Problem to work on - Retype the data that follows exactly. No pictures belong in the copy.

Dataset excerpt -
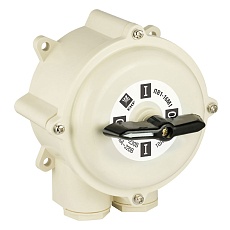 Пакетный переключатель ПП 2-40/Н2 М2 пл. IP56 EKF PROxima pp-2-40-4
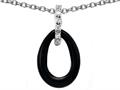 Onyx Pearl Enhancer Pendant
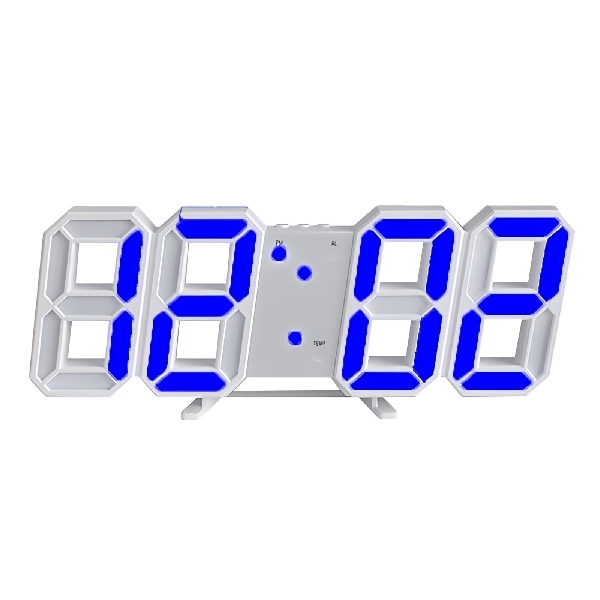 នាឡិកា LED ដាក់លើតុ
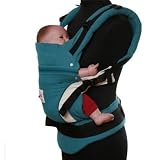 Manduca Babytrage Petrol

Written reply -
 Пакетный переключатель ПП 2-40/Н2 М2 пл. IP56 EKF PROxima pp-2-40-4
 Onyx Pearl Enhancer Pendant
 នាឡិកា LED ដាក់លើតុ
 Manduca Babytrage Petrol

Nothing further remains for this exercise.